Thomas Schäfer: Man sagt ja, Projekte dauern sechs Monate, dann sind sie vorbei — alles andere ist ein Zustand. Es war als Projekt aufgelegt, aber mit ganz losen Regularien. Normalerweise hat man ja ein klares Ziel, wo man hin will, und wir haben einfach das Ziel bekommen: “Lauft mal los und probiert ein bisschen aus.” Es wird zwar als Projekt gesehen, ist aber kein klassisches.
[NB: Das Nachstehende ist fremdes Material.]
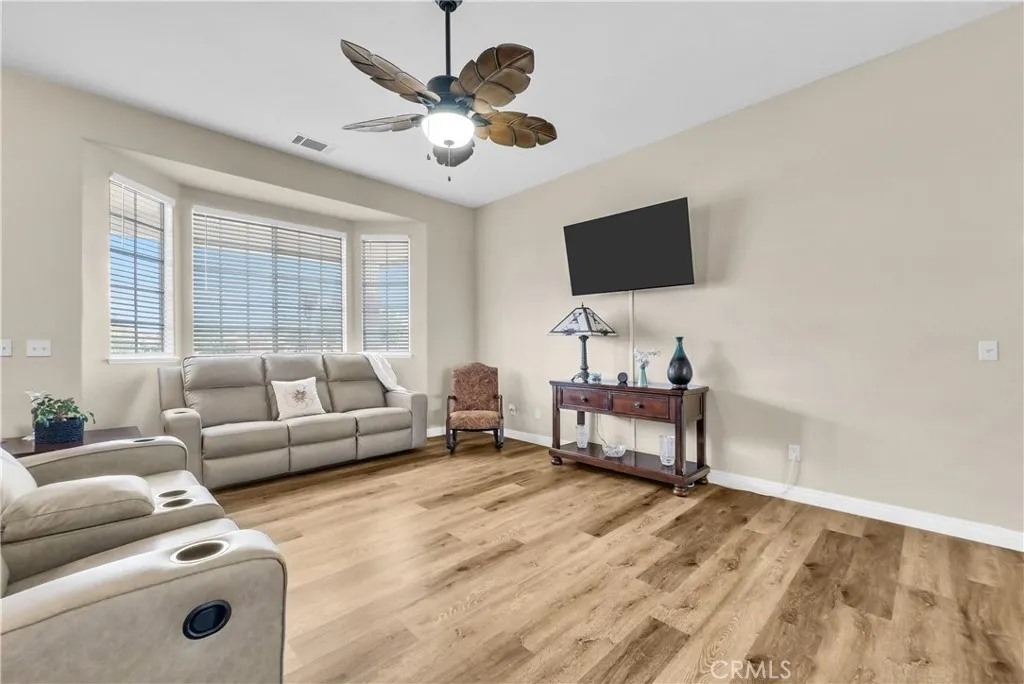 13931 Falling Leaf Road, Apple Valley, CA 92307 - Photo 3 of 50, Apple Valley, CA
Wir haben zwar einen Projektauftraggeber und so weiter, das wird nicht so gelebt, wie es in klassischen Projekten der Fall ist.
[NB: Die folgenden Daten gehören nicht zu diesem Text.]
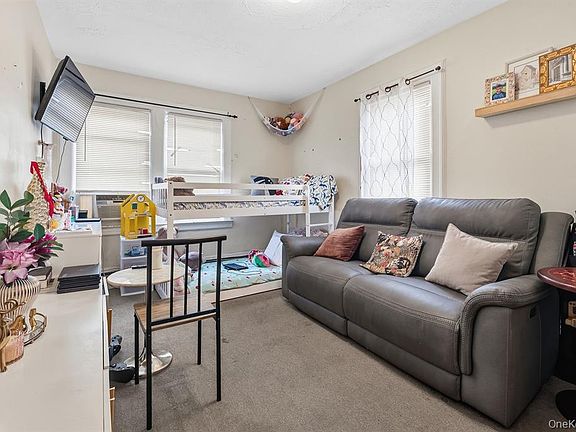 3rd image of 5 Bush Ave #2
“Wenn man Digitalisierungsthemen angeht, muss man gucken, was das mit den Leuten macht.”

Nina: Erzähl mal: Seit wann macht ihr das, wie viele Leute seid ihr…?

Thomas: 2018 war der Startpunkt des Projektes, vom Dezernenten Sebastian Kopietz beauftragt. Der offizielle Projektleiter ist Björn Schoppohl mit einer halben Stelle, und dann noch ich mit meiner halben. Das heißt, dass sich ein Vollzeit-Äquivalent um das Ganze kümmert. Wir können auf Ressourcen zugreifen, die in der Organisation schon vorhanden sind. Also, wir können anklopfen und sagen: “wir brauchen das, könnt ihr uns dabei helfen?” Der Ursprungs-Testpilot ist die Stabsstelle für Arbeitsschutz, Arbeitssicherheit und Gesundheit. Das sind 15 Leute, die ganz unterschiedliche Bereiche betreuen. Darin sind Betriebsärtzt*innen, eine Sekretärin, vier Fachkräfte für Arbeitsschutz und Arbeitssicherheit — “FaSi” ist die Abkürzung dafür. Und dann sitzen da unser Psychologe und das betriebliche Wiedereingliederungsmanagement.

Nina: Und das war eure erste “Versuchsgruppe”?

Thomas: Genau. Wir sollten schauen, wie wir ihren Arbeitsalltag verändern, verbessern, erleichtern können. Wir haben von Anfang an gesagt: wenn man Digitalisierungsthemen angeht, muss man gucken, was das mit den Leuten macht. Stehen sie vielleicht unter Stress, weil sie sich immer erreichbar fühlen? Oder weil sie mit der neuen Technik nicht umgehen können? Und so weiter. Deshalb hat man unter anderem diese Fachkräfte ausgewählt: weil sie sich genau damit auskennen. Der Psychologe kann relativ gut beurteilen, was das mit ihm macht, und wenn er das am eigenen Leib erfährt und ausprobiert, weiß er auch, was schiefgehen kann.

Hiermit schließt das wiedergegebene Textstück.